Fort Worth has long wanted to be the best or biggest at something.

And now the town proudly hosts America's Biggest Boondoggle, with an embarrassing mess of a project with three simple little bridges under construction now for years, being built over dry land, to connect the Fort Worth mainland to an imaginary island.

With the current state of those bridges being badly engineered seesaws in teeter totter mode, with locals referring to the eyesores as the Yeehaw Seesaws.

A Fort Worth congresswoman's totally unqualified son was put in charge of this ill conceived ineptly implemented plan, paid around $200K a year, plus perks and benefits, to motivate his mother to secure federal funds, with little luck, hence a recent bizarrely corrupt ballot measure conning the ill-informed locals that they were approving a quarter billion bucks for flood control and drainage issues.

And somehow in Texas this type ballot subterfuge is perfectly kosher.

Reading about Mount Vernon's flood history, and how intelligent Americans dealt with flood issues, I amused myself thinking what if someone in Mount Vernon came up with a brilliant plan to take down the Skagit River dikes, then build a flood diversion channel to divert a flooding Skagit around an imaginary island, with canals, creating a sort of San Antonio Riverwalk type venue.

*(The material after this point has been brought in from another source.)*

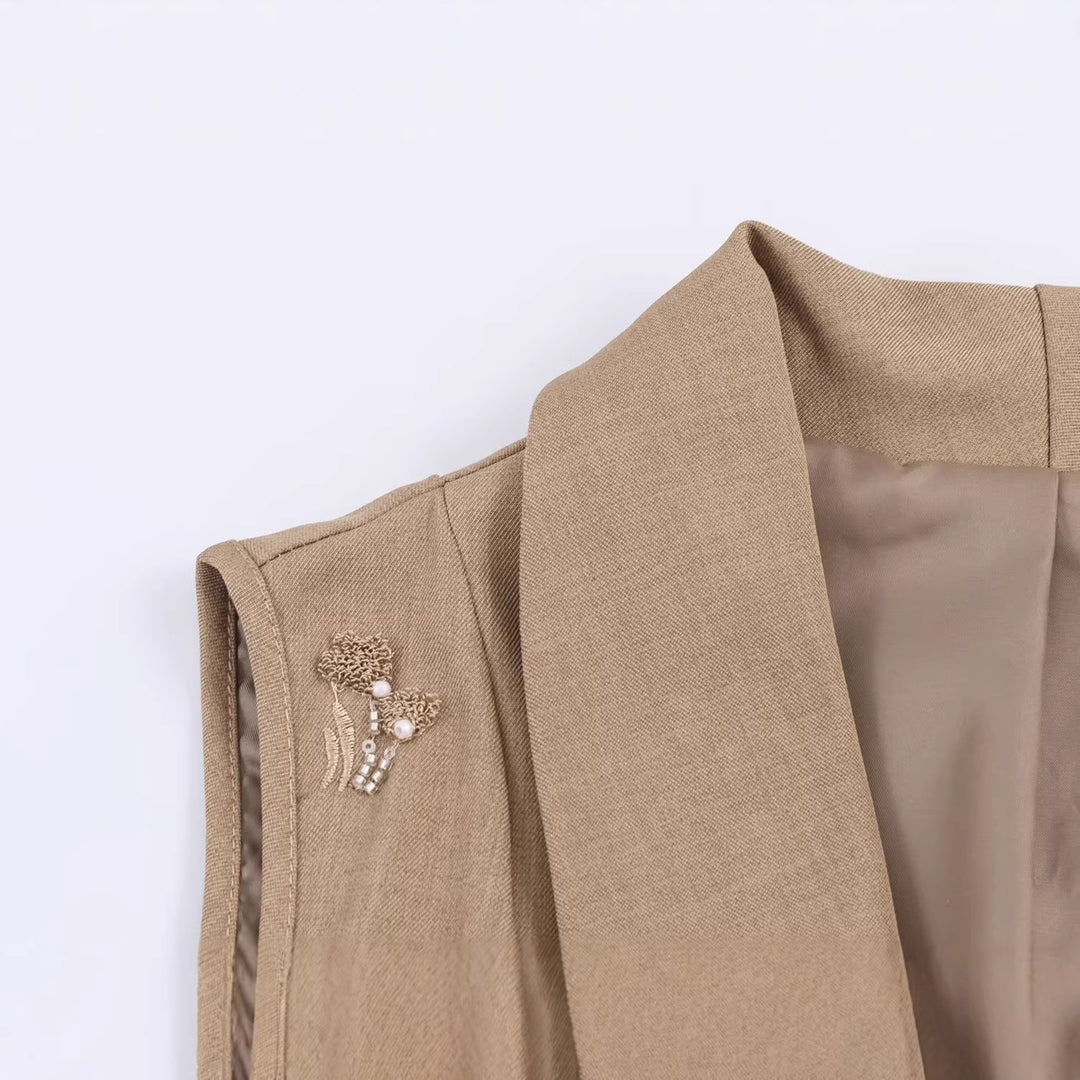 Damen Ärmelloser Weste-Blazer und Weite Stickhose Zweiteiler Drune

Well, I don't think there is anyone stupid enough any where in the Skagit Valley to come up with something so idiotic, and to amp the idiocy by claiming it was a flood control plan, and an economic development scheme.

Selling such an idea, the economic development scheme, in a town with is already doing quite well, economically, would be laughed at. But, in Fort Worth, those who decide such things, don't laugh. they think it makes sense to create an imaginary island with canals.

And to remove levees which have prevented flooding for decades.

Oh, I almost forgot.

Without any corrupt political shenanigans, with no hiring of a local congresswoman's son to do a job he has no clue how to do.

Mount Vernon has built a Riverwalk type attraction on the Skagit River as it passes past downtown Mount Vernon.

A Riverwalk type attraction with a flood wall which can be put in place quickly when the Skagit goes rogue. A Riverwalk type attraction with a plaza.

And, unlike what is the Fort Worth norm, no outhouses.

All done in a fraction of the time Fort Worth has been boondoggling along with little to show for the effort.

Well, to be fair, those Yeehaw Seesaws have become a bit of a tourist attraction, to the few tourist attracted to Fort Worth. That and the giant million dollar homage to an aluminum trash can, stuck in the center of America's Biggest Boondoggle's roundabout.

Has the Star-Telegram ever looked into how that million dollar homage to an aluminum trash can came to be? Installed years before any other aspect of what has become America's Biggest Boondoggle came to any sort of fruition?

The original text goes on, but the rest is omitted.